Why does the derivative of $\sin^2x$ need the chain rule? Isn't it just $2\sin x$ by the power rule?

Question

It's probably something obvious and I'm gonna slap myself in the face again, but

Why is the first derivative of $\sin^2(x)$ calculated via the chain rule? Isn't it just a standard $x^a$ (power rule) case, and therefore just $2\sin(x)$?

Answer 1

$\sin x\ne x$, so using $x^a$ alone is not enough.
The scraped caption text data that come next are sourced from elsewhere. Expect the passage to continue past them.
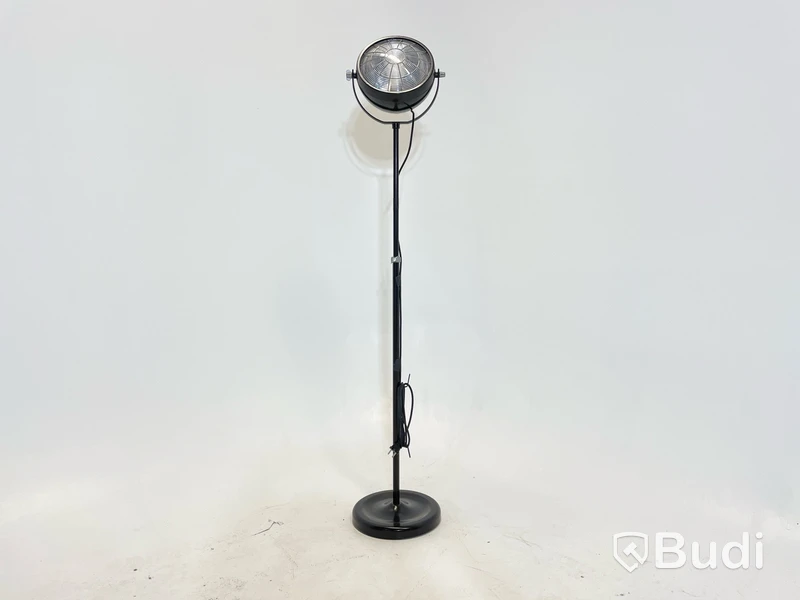 Golvlampa Ikea Svartnora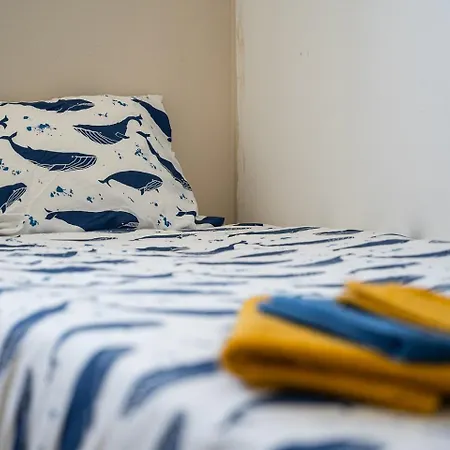 Apartment Charming Beachside Escape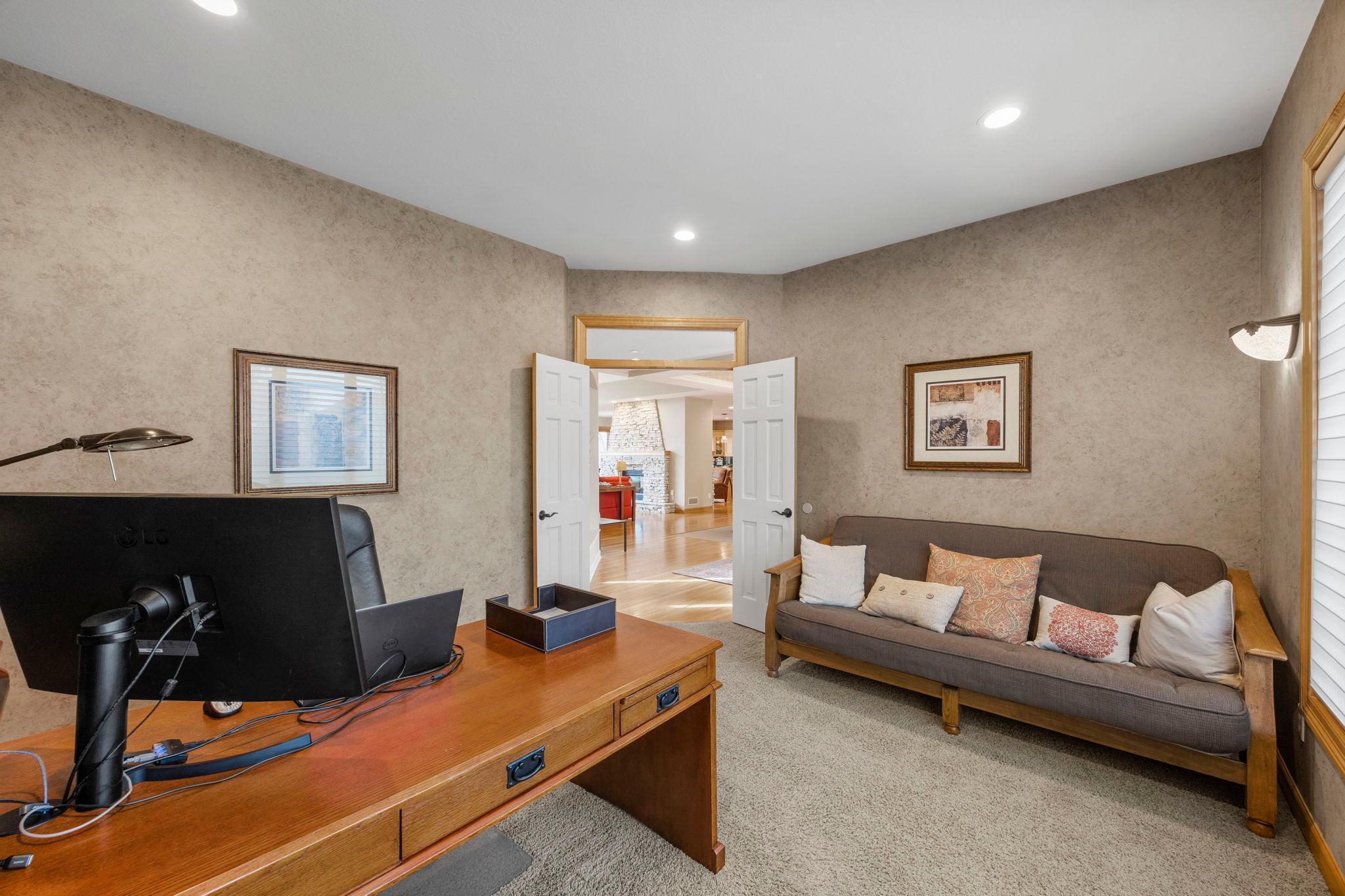 1890 Edgewater Place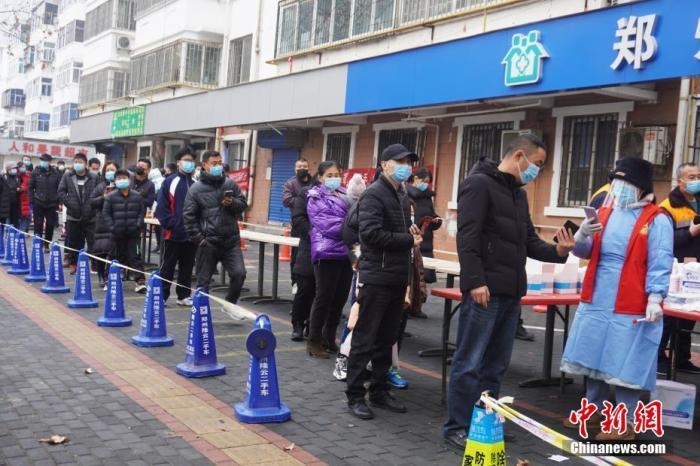 資料圖：1月7日，河南鄭州，市民有序排隊(duì)進(jìn)行核酸檢測(cè)。<a target='_blank' href='/'>中新社</a>記者 劉鵬 攝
In the $f(g(x))$ of the chain rule, $f(x)=x^2$ and $g(x)=\sin x$.

Answer 2

No it is a case

$$g(x)=[f(x)]^2\implies g’(x)=2f(x)f’(x)$$

Answer 3

$\sin^2 x$ means $(\sin x)^2$. You’re asked to differentiate with respect to $x$, not $\sin x$, so the Chain Rule is required. So, this is a case of a composite function.
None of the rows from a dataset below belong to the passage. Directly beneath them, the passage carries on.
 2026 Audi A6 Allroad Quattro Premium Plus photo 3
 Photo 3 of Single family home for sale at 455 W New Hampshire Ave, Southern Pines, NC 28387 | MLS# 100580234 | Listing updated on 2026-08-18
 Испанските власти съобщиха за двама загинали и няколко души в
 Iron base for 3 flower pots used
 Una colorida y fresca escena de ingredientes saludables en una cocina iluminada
$$(f \circ g)’(x) = f’(g(x))\cdot g’$$

In this case, you have

$$\big(u^2\big)’ = 2u\cdot u’$$

where $u = \sin x$.

If, for whatever reason, you wanted to differentiate $u^2$ with respect to $u$, then you would have $2u$, but that isn’t the case.

Answer 4

No! More general you got for the function $f(x)=x^a$ we get as derivative

$$f'(x)=(x^a)'=a(x)^{a-1}\cdot(x)'=a(x)^{a-1}\cdot1=ax^{a-1}$$

This only works out since the derivatives of the inner function, $x$, equals $1$. For the case that we got another function $g(x)$ as inner function we are forced to use the chain rule and thus $(f(g(x)))'=f'(g(x))\cdot g'(x)$. Therefore for $f(x)=\sin^2(x)$ we got

$$f'(x)=(\sin^2(x))'=2\sin(x)\cdot(\sin(x))'=2\sin(x)\cdot\cos(x)=2\sin(x)\cos(x)$$

where the inner function is given by $g(x)=\sin(x)$ and the outer function $f(x)=x^2$.

Answer 5

Maybe a more convincing example. Following your logics,

$$((x^3)^2)'=2x^3.$$

But don't we have

$$((x^3)^2)'=(x^6)'=6x^5\ ?!$$

Answer 6

The power rule can only be applied to take the derivative of a power of $x$, which isn't the case here. Write $\sin^2(x)=\sin(x)\cdot\sin(x)$. Now apply the product rule.